Indeed, changing weather patterns in the region have made mining in Greenland a much more viable endeavor—and a very necessary one, based on the sudden interest from the UK and the EU. With no Arctic exposure of their own to speak of, both are looking at the nearest potential supplier of metals and minerals they would need for many years ahead.

Critical metals and minerals rose to media prominence as part of the net-zero transition narrative but in fact they are widely used in many other industries besides alternative energy and battery storage. Defense is one of these industries.
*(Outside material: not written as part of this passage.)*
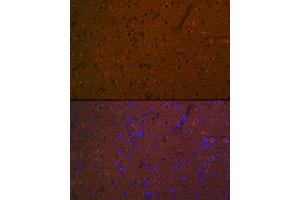 Immunofluorescence analysis of rat brain using 5HT7 Receptor Rabbit mAb (ABIN7265341) at dilution of 1:100 (40x lens). (HTR7 antibody)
Electronics is another. As politicians wake up to that fact, so does investor interest in places with a high concentration of such elements, such as Greenland.

Per a survey from 2023 cited by CNBC earlier this year, there are 38 different raw materials in Greenland, including rare earths, graphite, molybdenum, and tantalum, as well as titanium, uranium, and gold as well. Europe and the U.S. want a piece of all that to diversify away from China.

The big Arctic nations, meanwhile, are ramping up their local production. Both Russia and Canada are investing more in Arctic resource development, CNBC reported, and even Sweden is ramping up its exploratory work in the north, where a rare earths deposit was discovered two years ago.

It all sounds really encouraging in terms of future supply security, but the Oxford Institute for Energy Studies sounded a note of caution earlier this year. In a report focusing on the Arctic’s potential contribution to critical mineral supply in the context of the energy transition, senior research fellow Philip Andrews-Speed had the sobering message that it will take years to develop Arctic resources, and they would not come on par with the resources already being developed in Africa.

Currently, Andrews-Speed wrote, the Arctic as a whole only accounts for a tenth of just three critical minerals, and those are platinum, palladium, and nickel. After 2034, he went on, the region could see greater production in these and other minerals and metals, but this would depend on how competitive the Arctic supply would be to supplies from other parts of the world. Ultimately, according to the OIES author, “the Arctic is unlikely to make a significant contribution to the future global supply of critical minerals. This may be particularly important for Europe and North America.”